Advocates, not adversaries
Berman has pulled off a delicate balancing act with corporate
interests. Industry leaders believe Berman and CDT are more
sympathetic to their concerns than other privacy groups. Indeed,
Berman has given vocal support to the notion of industry self-regulation
and minimal government intervention on the Internet.
"They've challenged us on privacy violations," says George
Vradenburg, AOL's senior vice president for global and strategic
policy, "but unlike other advocacy groups, they always come
up with good solutions. CDT is effective even though they're
sometimes critical."
Last year, CDT generated bad PR for Intel when it filed a complaint
with the FTC and publicized the company's plan to place a unique
identifier in each of its new Pentium III processors. Intel
would have been able to use the code to monitor consumers' travels
across the Net. Amid a flurry of negative press, Intel changed
course, offering consumers the choice to opt out of the scheme.
What might have generated hard feelings in any other industry
ended up creating a bond. Intel recently donated a large sum
to help fund one of CDT's Internet privacy research projects.
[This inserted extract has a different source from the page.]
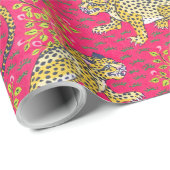 Papier Cadeau Tigre Jaune Sur Floral arrière - plan Rose (Coin rond)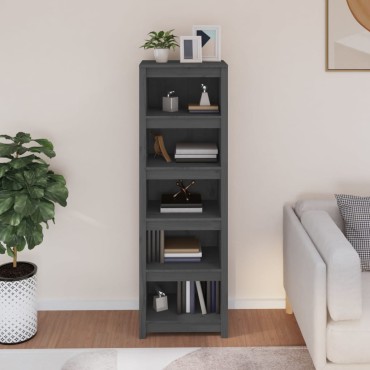 vidaXL Βιβλιοθήκη Γκρι 50x35x154cm από Μασίφ Ξύλο Πεύκου 1 τεμ.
The relationship is more than monetary. Says Doug Comer, Intel's
director of legal affairs in Washington: "We often turn to Jerry
as a referee between us and government."
That's exactly how Berman likes to be seen. "Basically, I'm
a good listener," he says. "Someone balancing a variety of interests
and trying to find the common good."
That balancing act has sometimes put CDT at odds with other
activists, many of whom argue for more stringent measures and
call for the government to give consumers personal ownership
rights to their own data. Some of these activists claim Berman
is too chummy with industry and government, at the expense of
the consumers he's supposed to represent. "I have a huge problem
with groups that are holding themselves out as consumer advocates
that are basically lobbying for industry," says Marc Rotenberg,
president of the Electronic Privacy Information Center, a competing
civil liberties organization.
Berman counters that his critics don't understand how Washington
works. "They've turned politics into religion. I guess they
need more of that anger to run on than I do," says Berman. "Being
an advocate doesn't always mean being an adversary."